REQUIREMENT ▸ Your copy of the listing should match it exactly, only without pictures.
SUPPLIED DATA section start
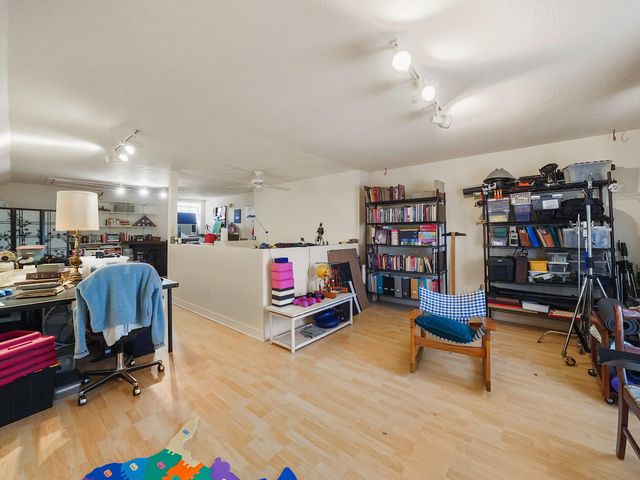 112 Pamellia Drive, Bellaire, TX 77401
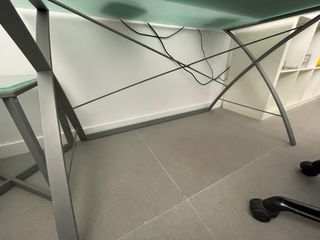 Escritorio Cristal y Mesita Auxiliar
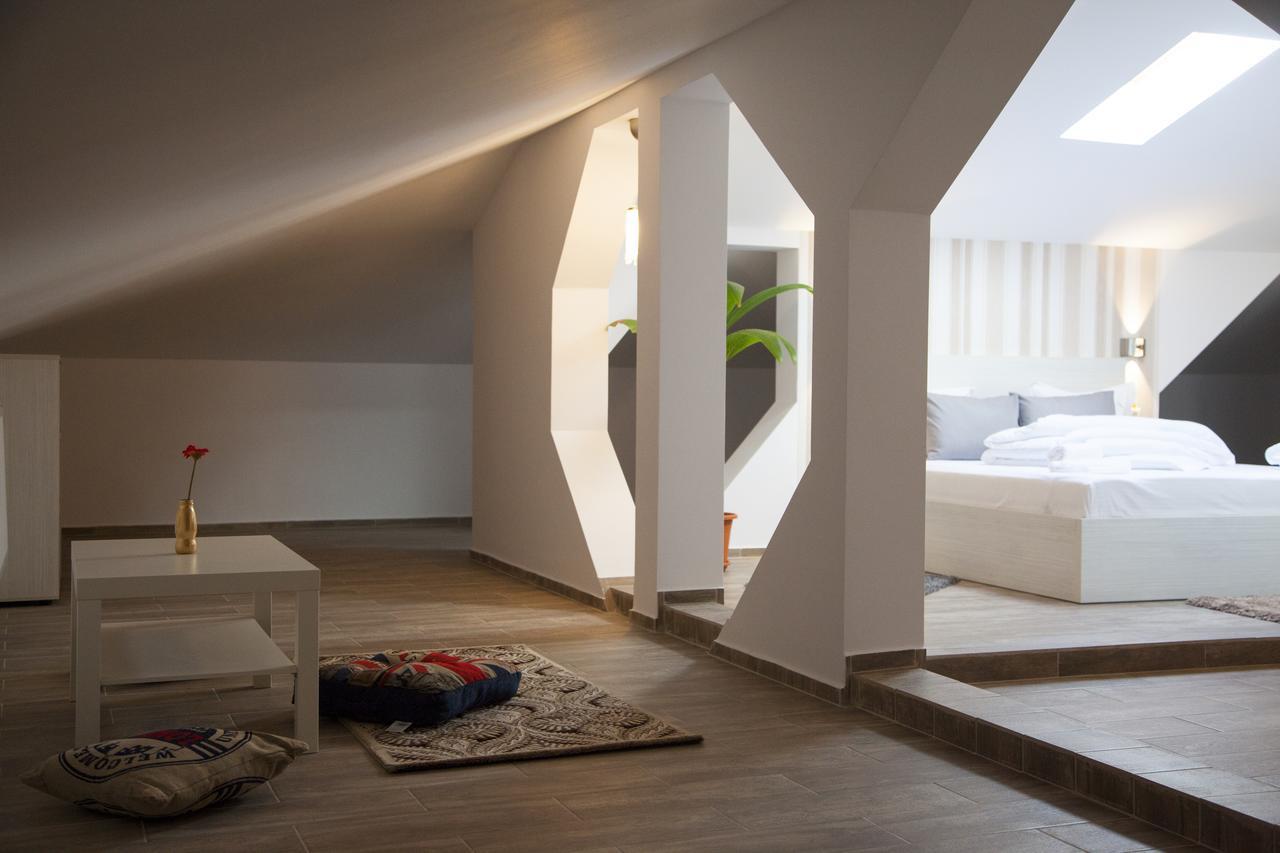 Hotel Nova Bital Popesti-Leordeni Esterno foto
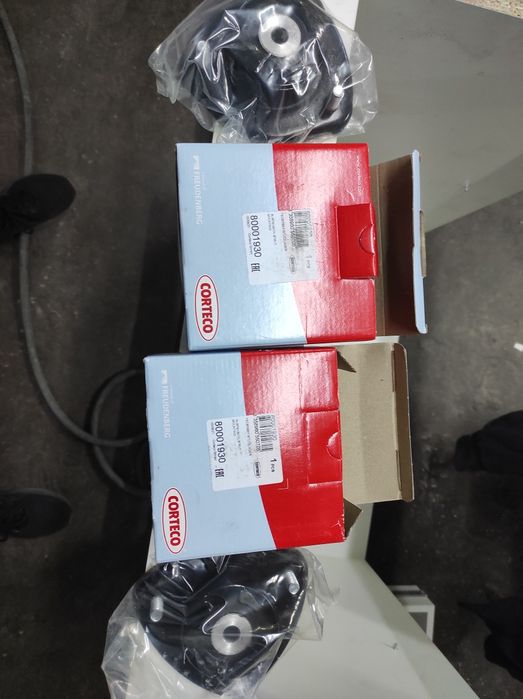 Опоры задние на Бмв х5 е53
SUPPLIED DATA section end
YOUR RESPONSE ▸
 112 Pamellia Drive, Bellaire, TX 77401
 Escritorio Cristal y Mesita Auxiliar
 Hotel Nova Bital Popesti-Leordeni Esterno foto
 Опоры задние на Бмв х5 е53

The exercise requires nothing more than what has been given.